Nicole Brandt, 2014 religion and the arts Belmont graduate and founder of Poverty and the Arts (POVA), was recently featured on “The Plus Side of Nashville.” As a social enterprise, POVA provides supplies, studio space, training and a marketplace for artists overcoming homelessness to create and sell artwork while gaining entrepreneurial and social skills. On “The Plus Side,” Brandt detailed POVA, how the idea was born and the ways she and her team are impacting the Nashville community.
Growing up in a small town, Brandt said she had the opportunity to spend time with a homeless community weekly during her senior year of high school. Through the relationships she built there, a new passion was formed. When she moved to Nashville to attend Belmont, Brandt said she began attending church and volunteering for a homeless ministry where she passed out donations, but it was the chance to listen to each person’s story and experiences that impacted her most.
“I learned the places they hated and the place most loved, like Room in the Inn,” she said. “While I enjoyed getting to know my new friends and often tried to coordinate groups of students from Belmont to come with me to Church Street Park, I knew there must be a way to make a greater impact by sharing my experience on a deeper level with more people.”

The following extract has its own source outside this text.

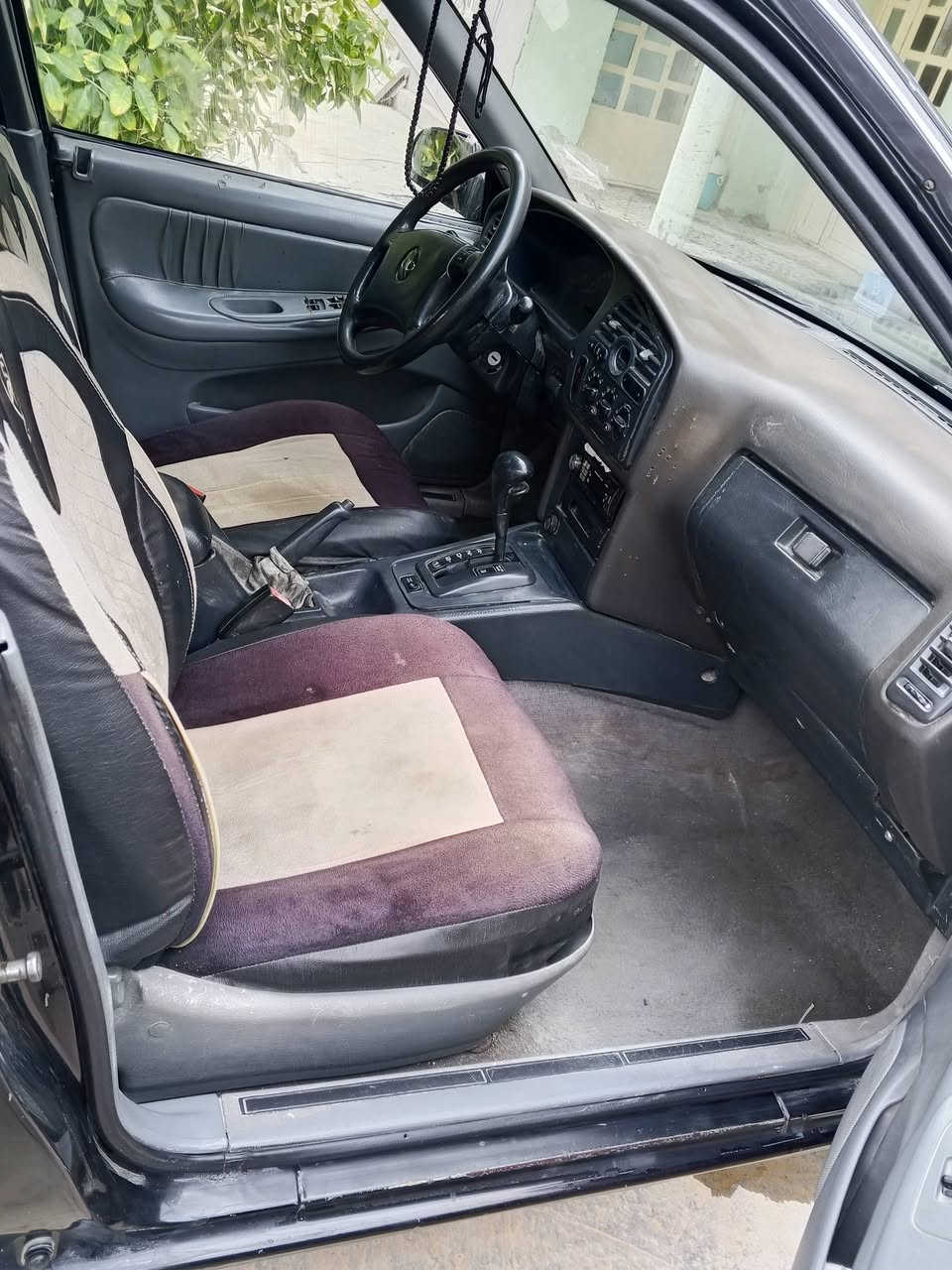 برنس فراشه موديل 96
رقم أنبار بأسمي تحويل ثاني يوم 
صدر تايرات كله جديد 
السعر 35وبيها مجال 
الإستفسار الإتصال ***********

Her sophomore year, Brandt landed what she calls her “dream job,” working with Tim Stewart at Belmont’s Office of Service Learning. As the Diversity and Human Rights Campus Coordinator, Brandt was charged with developing and executing three community service projects each semester for students. “I saw this as my opportunity to recreate the environment I had experienced in Kentucky where students could genuinely get to know people experiencing homelessness,” she said. “I started to wonder what it would look like for art to be the conduit in which community members have an opportunity to sit down as equals with individuals experiencing homelessness–creative and talented human beings in the middle of a struggle, someone they can relate to.”
Soon after, Brandt worked alongside Room in the Inn to host her first POVA event where Belmont students participated in visual art, music or creative writing with members of the un-housed community. Thanks to a positive response from participants, Brandt continued hosting POVA events each semester through her position at Belmont. As graduation approached, Brandt began to realize she might have found just what she was looking to do professionally.
“I started to dream about POVA’s sustainability and about the impact it could have on the Nashville community,” she said. “After meeting with several contacts from the nonprofit field for advice, one phrase that continued to stand out was ‘Don’t repeat services.’ Nashville doesn’t need more nonprofits doing the exact same thing and competing for the same funding. This really resonated with me as I began to evaluate our program and shape its current services.”
Seeing significant talent but a lack of resources in the community, Brandt launched POVA’s Artist Collective in May 2014. Seeking to provide the resources needed to allow homeless individuals the opportunity to create art, the Collective provides an opportunity for artists to create and sell artwork as a way to earn income for themselves. “This supplemental income, made possible by their creative skills, provides greater autonomy in their day-to-day lives and allows the artists the opportunity to take control over basics like where to eat, how to get around or who to spend time with,” Brandt said.
Now, POVA has served 20 artists total, 9 of which have transitioned into housing since joining the programming. The organization has secured a rental property and transformed it into a Studio and Gallery in Wedgewood-Houston, allowing them to participate in the neighborhood’s monthly art crawl and provide ongoing exhibition opportunities to their artists.
Long-term, Brandt and her team hope to expand their services and increase the number of artists they serve. In addition to purchasing their own studio and gallery in the next five years, POVA hopes to provide transitional housing to their artists in the next 10 years. “By understanding the ways in which environment drives behavior, we know that our artists have the greatest possibility of succeeding when we can provide them an environment which includes a space to live, breathe, sleep and be,” Brandt said. They also hope to increase their revenue streams, and artists’ income, by expanding to retail, corporate art and teaching artist grants.
Looking back on her time at Belmont, Brandt said she can clearly identify an environment that encouraged the kindling of her dreams, while providing her with the space necessary to grapple with the challenges facing Nashville and beyond. “I devoured and analyzed books by theologians, sociologists and philosophers,” Brand said. “All struggling with the problems of the world and theorizing potential solutions. My religion professors encouraged me to think critically about my religious background and other classes began to reshape how I saw the world and my place in it.”
“My only regret,” Brandt said, “is not taking more business classes that would have provided me with foundation I needed to launch my own nonprofit! But I am extremely grateful that I was provided an environment that allowed me to nurture and grow my dream.”